Review the material and extract every line in which the word "with" occurs.
- - - -
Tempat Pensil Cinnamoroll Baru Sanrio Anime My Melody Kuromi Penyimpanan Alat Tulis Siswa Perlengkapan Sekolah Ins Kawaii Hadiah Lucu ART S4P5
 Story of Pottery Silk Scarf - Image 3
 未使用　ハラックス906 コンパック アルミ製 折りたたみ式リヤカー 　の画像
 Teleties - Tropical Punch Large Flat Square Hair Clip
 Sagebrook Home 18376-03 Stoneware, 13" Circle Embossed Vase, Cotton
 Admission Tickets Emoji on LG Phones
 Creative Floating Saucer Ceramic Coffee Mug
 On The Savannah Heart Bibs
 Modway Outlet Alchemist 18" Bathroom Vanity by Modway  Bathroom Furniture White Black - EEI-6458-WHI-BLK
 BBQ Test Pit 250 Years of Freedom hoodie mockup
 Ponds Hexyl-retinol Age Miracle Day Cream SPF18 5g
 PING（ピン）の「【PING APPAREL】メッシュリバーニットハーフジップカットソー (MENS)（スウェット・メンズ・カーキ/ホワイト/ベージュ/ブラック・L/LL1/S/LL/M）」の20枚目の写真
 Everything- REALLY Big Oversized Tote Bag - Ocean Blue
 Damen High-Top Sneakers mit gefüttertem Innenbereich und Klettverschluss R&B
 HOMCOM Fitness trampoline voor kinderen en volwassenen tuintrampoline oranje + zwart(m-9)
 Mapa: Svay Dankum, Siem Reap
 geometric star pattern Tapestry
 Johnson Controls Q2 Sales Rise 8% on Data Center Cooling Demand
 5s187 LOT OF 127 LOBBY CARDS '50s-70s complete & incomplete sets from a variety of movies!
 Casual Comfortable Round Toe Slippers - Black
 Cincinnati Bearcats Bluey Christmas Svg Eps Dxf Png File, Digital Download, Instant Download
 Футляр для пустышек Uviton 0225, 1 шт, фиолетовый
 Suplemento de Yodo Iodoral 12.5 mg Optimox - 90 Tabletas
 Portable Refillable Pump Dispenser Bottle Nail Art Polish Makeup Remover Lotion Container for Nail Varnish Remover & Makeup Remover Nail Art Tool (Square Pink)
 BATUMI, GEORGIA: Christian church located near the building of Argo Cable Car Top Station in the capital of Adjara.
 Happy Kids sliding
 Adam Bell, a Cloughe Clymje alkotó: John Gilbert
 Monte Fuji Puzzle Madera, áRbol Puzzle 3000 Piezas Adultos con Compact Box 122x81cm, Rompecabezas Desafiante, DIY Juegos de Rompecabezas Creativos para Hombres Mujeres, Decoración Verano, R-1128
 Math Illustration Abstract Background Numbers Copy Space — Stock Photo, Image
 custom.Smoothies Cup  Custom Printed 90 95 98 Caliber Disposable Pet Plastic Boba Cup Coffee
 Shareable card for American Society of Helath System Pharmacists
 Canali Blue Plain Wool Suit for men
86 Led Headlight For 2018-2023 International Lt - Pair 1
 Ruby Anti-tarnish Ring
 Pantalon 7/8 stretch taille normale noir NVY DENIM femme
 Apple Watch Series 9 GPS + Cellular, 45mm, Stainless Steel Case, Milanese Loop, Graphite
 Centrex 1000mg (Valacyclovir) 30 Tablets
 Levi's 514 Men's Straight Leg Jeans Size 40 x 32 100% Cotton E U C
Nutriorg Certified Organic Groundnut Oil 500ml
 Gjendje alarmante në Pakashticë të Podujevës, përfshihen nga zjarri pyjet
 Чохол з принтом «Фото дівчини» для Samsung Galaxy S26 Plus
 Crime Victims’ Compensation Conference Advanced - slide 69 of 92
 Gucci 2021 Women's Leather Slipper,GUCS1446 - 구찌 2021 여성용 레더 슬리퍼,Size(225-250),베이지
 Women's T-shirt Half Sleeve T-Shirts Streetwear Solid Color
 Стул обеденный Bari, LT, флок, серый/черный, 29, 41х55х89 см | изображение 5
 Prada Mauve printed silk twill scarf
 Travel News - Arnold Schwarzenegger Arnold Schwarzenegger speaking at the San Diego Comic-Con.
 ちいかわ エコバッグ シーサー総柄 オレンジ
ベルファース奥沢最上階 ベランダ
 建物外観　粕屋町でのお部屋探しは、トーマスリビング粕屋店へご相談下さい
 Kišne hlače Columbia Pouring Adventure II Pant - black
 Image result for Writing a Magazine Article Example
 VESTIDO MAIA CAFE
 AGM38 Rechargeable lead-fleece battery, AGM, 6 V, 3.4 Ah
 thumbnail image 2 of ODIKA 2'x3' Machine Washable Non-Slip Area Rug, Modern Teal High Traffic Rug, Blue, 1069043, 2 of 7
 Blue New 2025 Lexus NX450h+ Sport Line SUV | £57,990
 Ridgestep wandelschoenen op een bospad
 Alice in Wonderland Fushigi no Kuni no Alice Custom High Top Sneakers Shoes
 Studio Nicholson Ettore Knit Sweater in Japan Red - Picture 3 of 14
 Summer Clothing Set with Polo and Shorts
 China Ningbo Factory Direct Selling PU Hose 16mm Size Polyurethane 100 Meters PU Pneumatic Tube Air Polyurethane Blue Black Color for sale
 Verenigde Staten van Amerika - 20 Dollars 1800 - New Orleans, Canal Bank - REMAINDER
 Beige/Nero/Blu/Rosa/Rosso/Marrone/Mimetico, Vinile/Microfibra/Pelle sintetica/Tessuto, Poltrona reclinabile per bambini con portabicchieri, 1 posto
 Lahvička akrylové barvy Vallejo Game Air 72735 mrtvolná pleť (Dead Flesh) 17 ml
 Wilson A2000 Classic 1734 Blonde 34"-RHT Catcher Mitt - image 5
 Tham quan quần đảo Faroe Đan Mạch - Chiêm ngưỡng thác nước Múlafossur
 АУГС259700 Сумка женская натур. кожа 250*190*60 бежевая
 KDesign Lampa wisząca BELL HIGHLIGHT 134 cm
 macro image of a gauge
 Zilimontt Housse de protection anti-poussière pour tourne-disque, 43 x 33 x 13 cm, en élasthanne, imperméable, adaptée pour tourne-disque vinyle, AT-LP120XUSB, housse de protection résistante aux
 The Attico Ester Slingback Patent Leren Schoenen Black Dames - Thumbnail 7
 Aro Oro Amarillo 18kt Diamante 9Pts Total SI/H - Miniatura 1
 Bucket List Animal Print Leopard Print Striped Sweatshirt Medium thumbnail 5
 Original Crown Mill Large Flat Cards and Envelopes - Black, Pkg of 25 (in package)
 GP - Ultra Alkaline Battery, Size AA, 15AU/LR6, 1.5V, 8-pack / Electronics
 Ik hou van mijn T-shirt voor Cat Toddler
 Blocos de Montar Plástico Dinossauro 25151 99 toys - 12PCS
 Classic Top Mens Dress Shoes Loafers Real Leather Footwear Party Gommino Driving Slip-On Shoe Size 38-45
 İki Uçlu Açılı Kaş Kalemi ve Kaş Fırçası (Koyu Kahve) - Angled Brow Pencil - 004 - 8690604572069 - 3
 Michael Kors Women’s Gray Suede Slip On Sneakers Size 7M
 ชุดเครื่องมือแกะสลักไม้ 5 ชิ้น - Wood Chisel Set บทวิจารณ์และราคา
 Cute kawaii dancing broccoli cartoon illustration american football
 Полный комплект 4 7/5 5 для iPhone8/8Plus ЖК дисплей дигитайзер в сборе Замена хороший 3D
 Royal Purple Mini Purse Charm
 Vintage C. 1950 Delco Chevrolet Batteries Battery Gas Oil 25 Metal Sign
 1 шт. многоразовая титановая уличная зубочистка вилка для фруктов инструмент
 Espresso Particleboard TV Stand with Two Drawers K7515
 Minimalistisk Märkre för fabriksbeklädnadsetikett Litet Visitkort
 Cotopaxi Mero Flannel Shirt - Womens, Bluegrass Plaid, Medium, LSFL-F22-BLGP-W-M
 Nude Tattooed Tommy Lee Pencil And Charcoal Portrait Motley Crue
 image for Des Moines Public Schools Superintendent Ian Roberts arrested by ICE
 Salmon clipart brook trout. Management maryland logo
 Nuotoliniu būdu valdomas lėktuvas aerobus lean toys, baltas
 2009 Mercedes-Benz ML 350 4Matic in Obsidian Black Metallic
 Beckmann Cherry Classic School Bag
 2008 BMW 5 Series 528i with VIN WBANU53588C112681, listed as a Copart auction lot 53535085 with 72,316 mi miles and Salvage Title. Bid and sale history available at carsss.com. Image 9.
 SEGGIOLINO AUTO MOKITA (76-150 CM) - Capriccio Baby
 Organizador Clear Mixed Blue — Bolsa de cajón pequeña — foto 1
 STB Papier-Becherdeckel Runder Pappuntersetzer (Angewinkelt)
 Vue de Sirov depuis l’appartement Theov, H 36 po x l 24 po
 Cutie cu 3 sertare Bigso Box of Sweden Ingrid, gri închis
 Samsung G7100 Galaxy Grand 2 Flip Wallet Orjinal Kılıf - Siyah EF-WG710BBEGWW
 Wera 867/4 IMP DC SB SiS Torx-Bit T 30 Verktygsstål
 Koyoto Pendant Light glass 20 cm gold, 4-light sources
- - - -
WRITTEN SOLUTION ->
 Summer Clothing Set with Polo and Shorts
 Espresso Particleboard TV Stand with Two Drawers K7515
 2008 BMW 5 Series 528i with VIN WBANU53588C112681, listed as a Copart auction lot 53535085 with 72,316 mi miles and Salvage Title. Bid and sale history available at carsss.com. Image 9.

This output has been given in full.